Dans son dos, je me penche pour lui offrir un câlin et rigole encore plus en le sentant me repousser. Je laisse tomber les pompons dans les mains que me présente Nora.

– Toi, t'es une vraie !

Je me précipite vers Maddie qui pianote sur son téléphone portable. Elle ne remarque pas tout de suite mon arrivée.

– Tout va bien ?

– Impecc', assure-t-elle d'une petite voix. Je vais devoir y aller. Ma mère ne veut pas que je rentre trop tard.

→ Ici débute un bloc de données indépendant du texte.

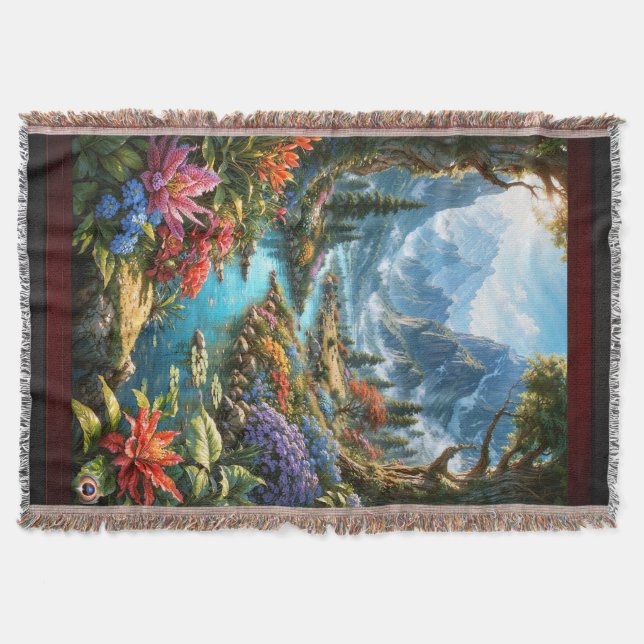 Cobertor A Terra Encantadora da Arte de Kalakoff AI, de Xze (Frente)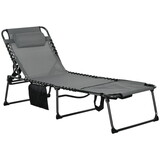 Outsunny Folding Chaise Lounge with 5-level Reclining Back, Outdoor Tanning Chair with Reading Face Hole, Outdoor Lounge Chair with Side Pocket & Headrest for Beach, Yard, Patio, Gray W2225P174385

– Il est pas encore 19 h, c'est assez tôt, non ?

– Ça dépend pour qui. Tu diras à Leander que c'était super et que je suis navrée de ne pas être restée jusqu'à la fin.

– Non.

Ses pupilles bleues se dressent vers moi, parcourues d'une lueur d'incompréhension. Son bonnet gris bien enfoncé sur sa tête la rajeunit de quelques années. Elle me paraît soudain démunie et je me sens con de la faire marcher plus longtemps.

– Je lui dirais pas parce que je reste pas non plus. Je te raccompagne, lui souris-je.

– Oh non, Nills, je te remercie, mais tu n'as pas à le faire.

– J'y tiens. Je vais pas te laisser rentrer seule, en bus, alors qu'il fait déjà nuit !

– Je le fais tout le temps quand je reviens du travail, me signale-t-elle indépendante.